The group specializes in acappella religious music, with much of their repertoire being traditional Liberian selections in the country’s indigenous languages. They also sing traditional American-style gospel songs, with those being in English. They have sung at venues raging from festivals in Monrovia to gospel concerts in Nigeria, increasingly being lauded as examples of the finest of Liberia’s cultural resources.
“They represent some of the very best in Liberian music and I think their music needs to be discovered and appreciated by a far wider audience outside of the country,” said Samson T. Tarpeh, the executive director of the Agape National Academy of Music in Monrovia. “They are doing music that reflects the beauty of what we have in this country.”
Yet, theirs is also a story steeped in the pain of Liberia’s brutal civil war, a conflict that left more than 250,000 Liberians killed. For years, thousands of displaced Liberians sought refuge in neighboring countries, from the Ivory Coast and Sierra Leone and Guinea. Housing conditions were often deplorable and living conditions were often unsanitary. Schools were scarce. Food was rationed with people standing in line for hours for a meal.
On one afternoon in 1995, Saykeh Glay, the man who would one day become the group’s leader, stood in line for a meal at a camp in Jeake, in Guinea. “He felt so dehumanized that he wanted to sing a song that would revive the soul,” Mr. Cooper said. “And when he started singing, something got a hold of us, we. One guy started joining in, singing tenor. Another came in and started singing bass. It drew a lot of people to us. They were people who had lost their families, people who were brokenhearted. When we got done singing, they told us they wanted more. That’s how we started.”
The conditions in the camp, Mr. Cooper recalled, were “so completely terrible,” adding, “there were so many sicknesses and diseases there. There were rations for food, no schools to speak of. We were just there because we needed shelter, just living by the grace of God.”
While in Guinea, the group started singing not just in the camp but also at outside churches, schools and in other refugee communities. They came back to Liberia and continued to sing together. Within a few years, they looked for other singing opportunities and moved to Nigeria, where they started to gain a following. It was there that the group became well known in the circles of gospel music. They won various competitions and were asked to sing at everything from churches to presidential events.
But after four years in Nigeria, the founder of the group became ill and another became got sick and died. “After he died, our parents, who were all in Liberia, wanted us back home. Also, we were not in school when we were living in Nigeria.
Since they returned to Liberia in 2004, many of the group’s members got scholarships and financial assistance to go to college.
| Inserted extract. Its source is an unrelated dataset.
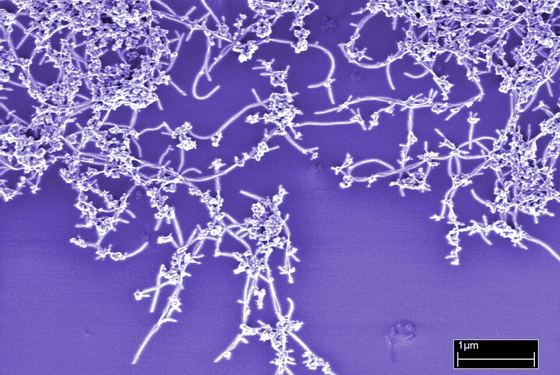 Carbon Nanotube Purity (5887835290)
In the last few years, two members of the group received college degrees and another five are on target to graduate next year. Over the same period, the group formed a foundation to raise funds for tuition, fees, uniforms and books for elementary and secondary school students.
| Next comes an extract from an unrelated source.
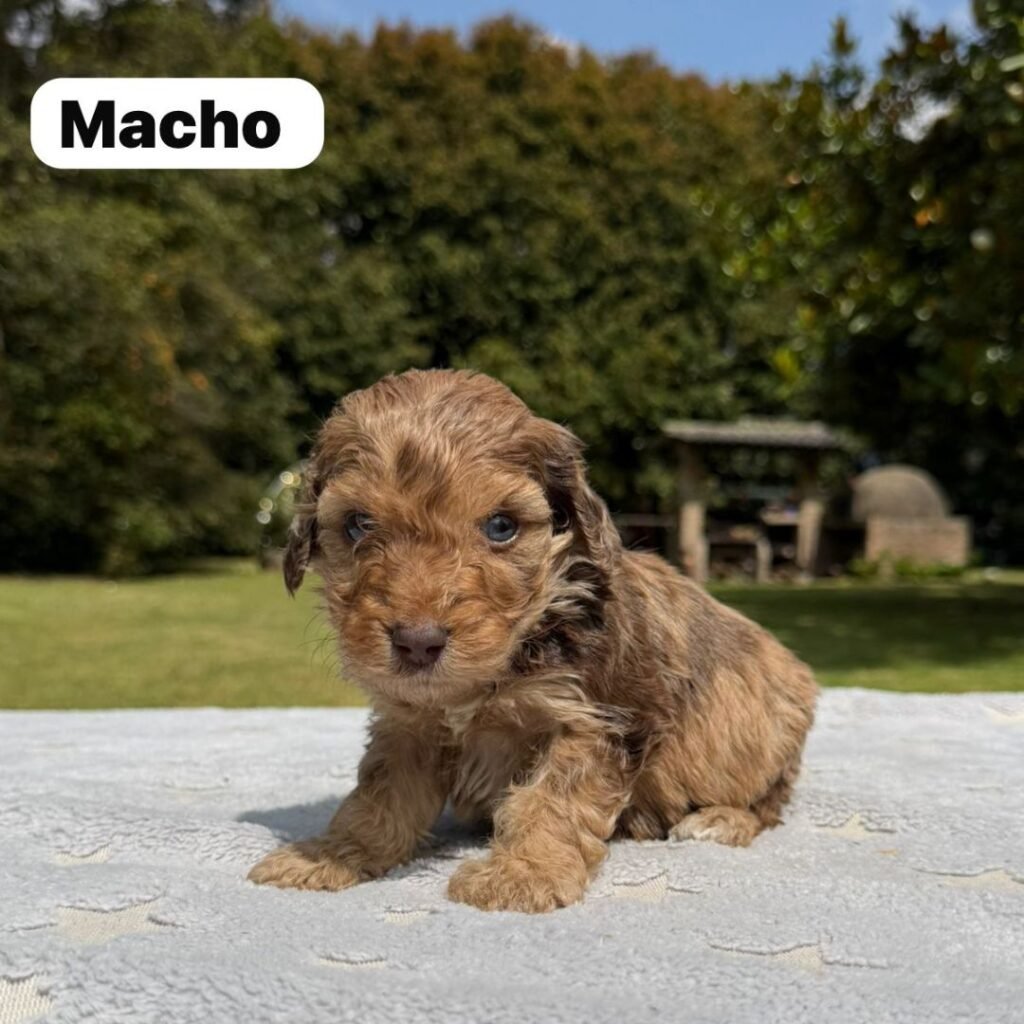 Cachorros Colombian Puppies Golden Mini Exóticos (6)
“We want to tell the young people, especially the teenagers who feel that things are not working out well for them, that there is something within them that they can tap into,” Mr. Cooper said. “God has embedded in them qualities that will allow them to be a blessing to the world.”
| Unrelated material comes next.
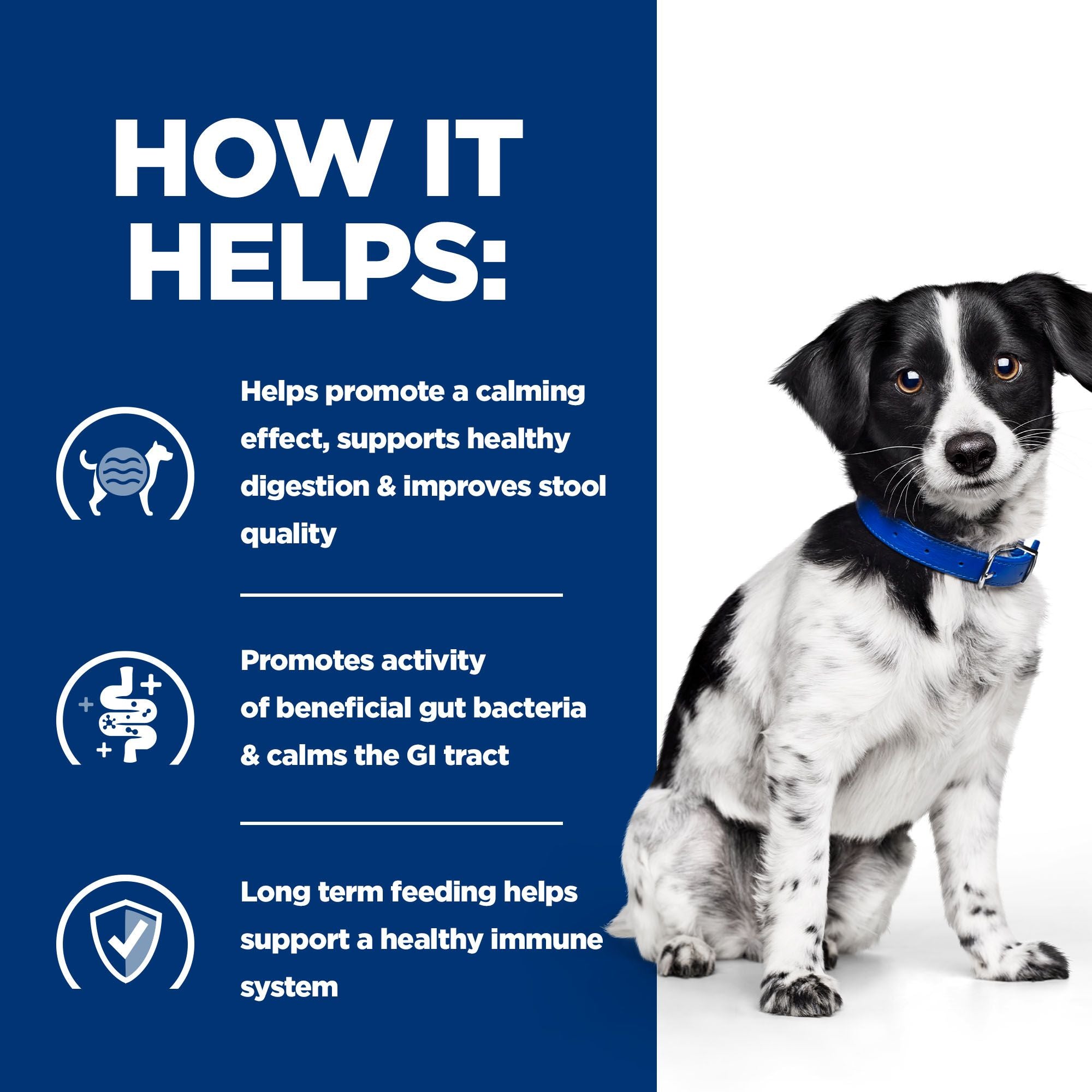  Hill's I/d Stress Mini - Digestive Care - Prescription Diet - Canine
Beyond that, Mr. Cooper and others in the group insist, they symbolize what the Liberia of the future might be, when people from the various ethnic tribes focus more on their commonality than on their differences.
“We are from a lot of different groups,” he said. “We are Bassa, Grebo, Kpelle, Kru and Mano. But we are brothers. We sometimes we argue. But we argue like brothers. More than anything, we love each other as brothers. Our message, I think, is that this is how Liberia should be.”